BEGIN Records for this task
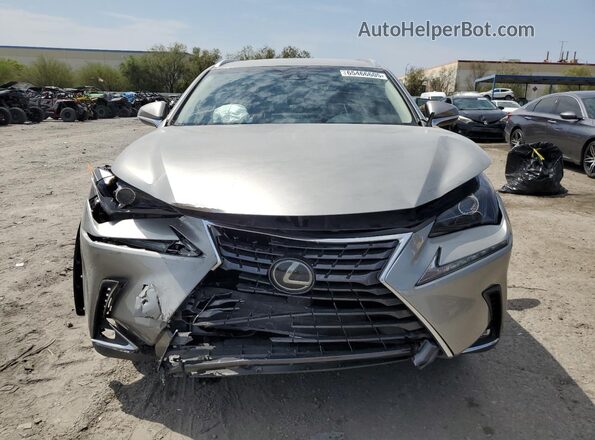 JTJBARBZ1J2169954 2018 LEXUS NX Silver 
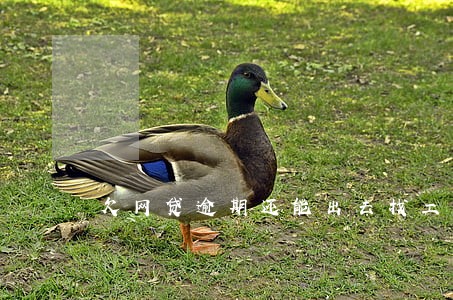 欠网贷逾期还能出去找工作吗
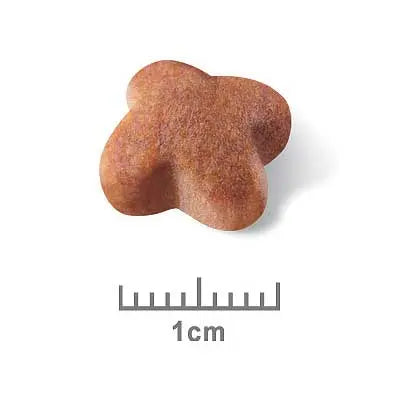 Royal Canin Dog Food Adult Jack Russell Terrier - Kellyville Pets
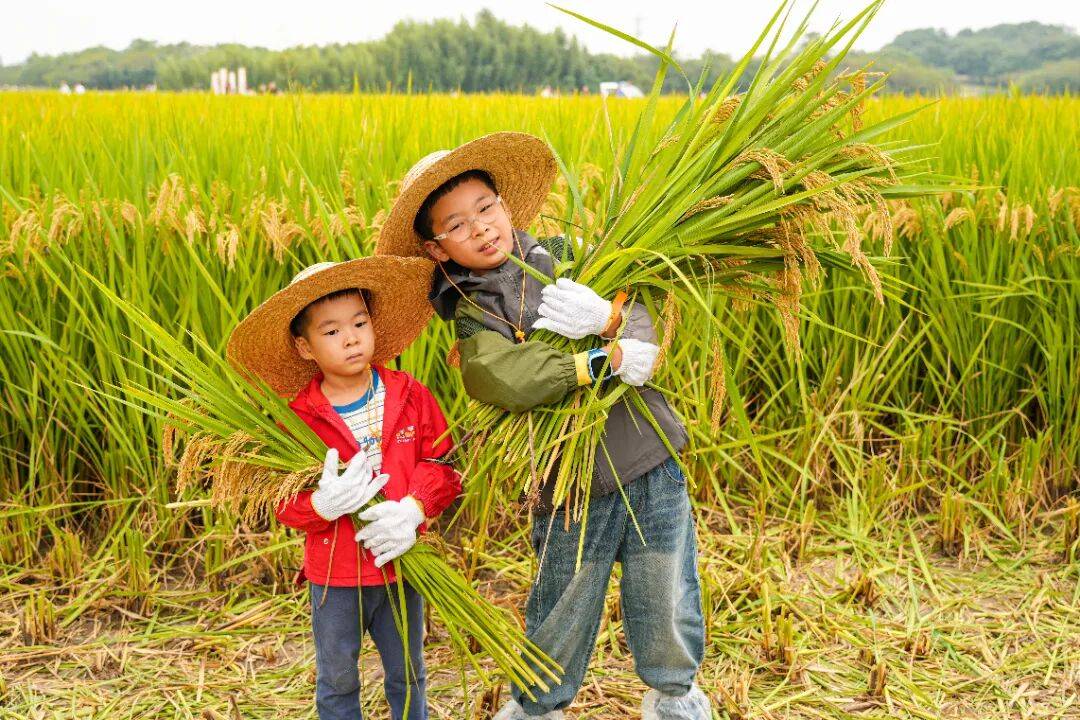 良渚遇“稻”<strong></p>
<p>Eth交易</strong>你 ｜ 秋季活动正当时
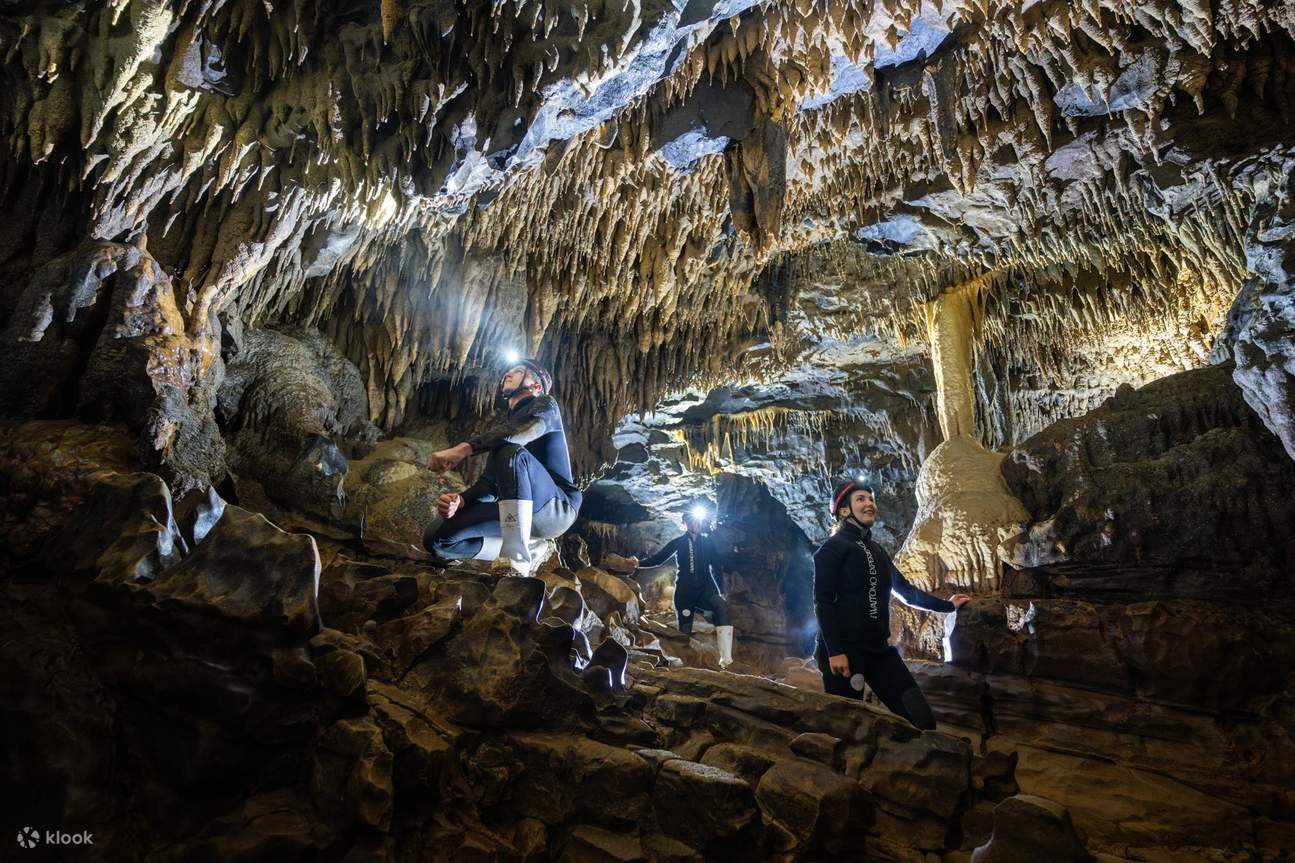 오코후아 반딧불이 동굴 투어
END Records for this task
(Instructions to follow): The copy starts at the line holding "Royal Canin Dog" and ends at the last line of the records above. Transcribe those lines exactly, pictures excluded.

(Solution to the exercise):
 Royal Canin Dog Food Adult Jack Russell Terrier - Kellyville Pets
 良渚遇“稻”<strong></p>
<p>Eth交易</strong>你 ｜ 秋季活动正当时
 오코후아 반딧불이 동굴 투어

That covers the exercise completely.